Looking at health totals for all years between 1996-2011, we see that tornados have cause by far the most casualties (i.e., injuries and fatalities) of any weather event. Heat-related events, however, are responsible for more overall fatalities, so most of the casualties associated with tornados are injuries.

Looking at economic totals for all years between 1996-2011, we see that floods cause by far the most overall damages, but they come in a distant second place to drought when looking specifically at crop damages. Drought, however, does not cause much damage to property, and so does not break into the top five weather related causes for overall damages.

Next we look at the mean effects weather events on public health and economic wellbeing.

dataCasualM <- data %>%
  group_by(EVTYPE) %>%
  summarize(casualties_mean = mean(CASUALTIES)) %>%
  filter(rank(desc(casualties_mean)) <= 5) %>%
  arrange(desc(casualties_mean))

dataInjurM <- data %>%
  group_by(EVTYPE) %>%
  summarize(injuries_mean = mean(INJURIES)) %>%
  filter(rank(desc(injuries_mean)) <= 5) %>%
  arrange(desc(injuries_mean))

dataFatalM <- data %>%
  group_by(EVTYPE) %>%
  summarize(fatalities_mean = mean(FATALITIES)) %>%
  filter(rank(desc(fatalities_mean)) <= 5) %>%
  arrange(desc(fatalities_mean))

dataCostM <- data %>%
  group_by(EVTYPE) %>%
  summarize(cost_mean = mean(COST_TOT)) %>%
  filter(rank(desc(cost_mean)) <= 5) %>%
  arrange(desc(cost_mean))

dataPropM <- data %>%
  group_by(EVTYPE) %>%
  summarize(prop_mean = mean(PROPDMG_TOT)) %>%
  filter(rank(desc(prop_mean)) <= 5) %>%
  arrange(desc(prop_mean))

dataCropM <- data %>%
  group_by(EVTYPE) %>%
  summarize(crop_mean = mean(CROPDMG_TOT)) %>%
  filter(rank(desc(crop_mean)) <= 5) %>%
  arrange(desc(crop_mean))


plotCasualM <- dataCasualM %>%
  ggplot(aes(reorder(EVTYPE, -casualties_mean), casualties_mean)) + 
  geom_bar(stat="identity", fill = "dodgerblue4") +
  theme(axis.text.x = element_text(size = 7, angle = 45, vjust = 0.5),
        axis.text.y = element_text(size = 7), 
        axis.title.y = element_text(size = 7), 
        axis.title.x = element_text(size = 7),
        plot.title = element_text(size=9)) +
  labs(x = "Weather event type", y = "Mean casualties", 
       title = "Mean CASUALTIES, 1996-2011")
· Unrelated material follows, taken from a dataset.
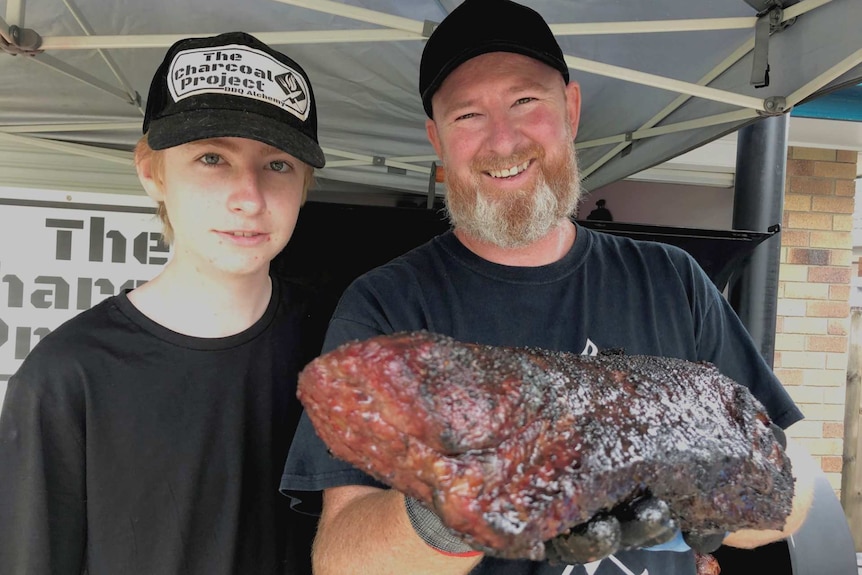 A man stands next to a boy, while holding a giant piece of barbecue-cooked meat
plotFatalM <- dataFatalM %>%
  ggplot(aes(reorder(EVTYPE, -fatalities_mean), fatalities_mean)) + 
  geom_bar(stat="identity", fill = "dodgerblue3") +
  theme(axis.text.x = element_text(size = 7, angle = 45, vjust = 0.5),
        axis.text.y = element_text(size = 7), 
        axis.title.y = element_text(size = 7), 
        axis.title.x = element_text(size = 7),
        plot.title = element_text(size=9)) +
  labs(x = "Weather event type", y = "Mean fatalities", 
       title = "Mean FATALITIES, 1996-2011")
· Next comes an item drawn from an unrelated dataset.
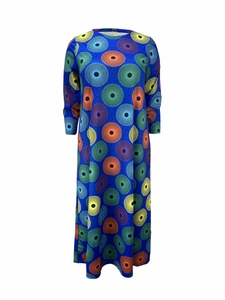 Close-up of vibrant royal blue maxi dress featuring colorful geometric polka dot print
plotInjurM <- dataInjurM %>%
  ggplot(aes(reorder(EVTYPE, -injuries_mean), injuries_mean)) + 
  geom_bar(stat="identity", fill = "dodgerblue") +
  theme(axis.text.x = element_text(size = 7, angle = 45, vjust = 0.5),
        axis.text.y = element_text(size = 7), 
        axis.title.y = element_text(size = 7), 
        axis.title.x = element_text(size = 7),
        plot.title = element_text(size=9)) +
  labs(x = "Weather event type", y = "Mean injuries", 
       title = "Mean INJURIES, 1996-2011")

plotCostM <- dataCostM %>%
  ggplot(aes(reorder(EVTYPE, -cost_mean), cost_mean)) + 
  geom_bar(stat="identity", fill = "springgreen4") +
  theme(axis.text.x = element_text(size = 7, angle = 45, vjust = 0.5),
        axis.text.y = element_text(size = 7), 
        axis.title.y = element_text(size = 7), 
        axis.title.x = element_text(size = 7),
        plot.title = element_text(size=9)) +
  labs(x = "Weather event type", y = "Mean damages", 
       title = "Mean DAMAGES, 1996-2011")

plotPropM <- dataPropM %>%
  ggplot(aes(reorder(EVTYPE, -prop_mean), prop_mean)) + 
  geom_bar(stat="identity", fill = "springgreen2") +
  theme(axis.text.x = element_text(size = 7, angle = 45, vjust = 0.5),
        axis.text.y = element_text(size = 7), 
        axis.title.y = element_text(size = 7), 
        axis.title.x = element_text(size = 7),
        plot.title = element_text(size=9)) +
  labs(x = "Weather event type", y = "Mean prop. damages", 
       title = "Mean PROP. damages, 1996-2011")

plotCropM <- dataCropM %>%
  ggplot(aes(reorder(EVTYPE, -crop_mean), crop_mean)) + 
  geom_bar(stat="identity", fill = "springgreen") +
  theme(axis.text.x = element_text(size = 7, angle = 45, vjust = 0.5),
        axis.text.y = element_text(size = 7), 
        axis.title.y = element_text(size = 7), 
        axis.title.x = element_text(size = 7),
        plot.title = element_text(size=9)) +
  labs(x = "Weather event type", y = "Mean crop damages", 
       title = "Mean CROP damages, 1996-2011")

  
plot_grid(plotCasualM, plotFatalM, plotInjurM, 
          plotCostM, plotPropM, plotCropM, ncol = 3)

Looking at health means for all years between 1996-2011, we see that—even though tornados have cause by far the most casualties of any weather event, in total—the average tsunami, hurrican, marine accident, etc. are more likely to cause a greater number of casualties than the average tornado. This pattern hold when looking at fatalities and injuries, specifically, and casualities overall.

A similar phenomenon holds when examining the mean economic impact of weather events for all years between 1996-2011. While floods cause by far the most overall cumulative damages during that time, the average hurricane, storm surge, tropical storm, etc. were more likely to cause more damage than the average flood. When focusing specifically on crops, the average hurricane remains the most damaging weather event, although the average drought comes in second (but a distant second).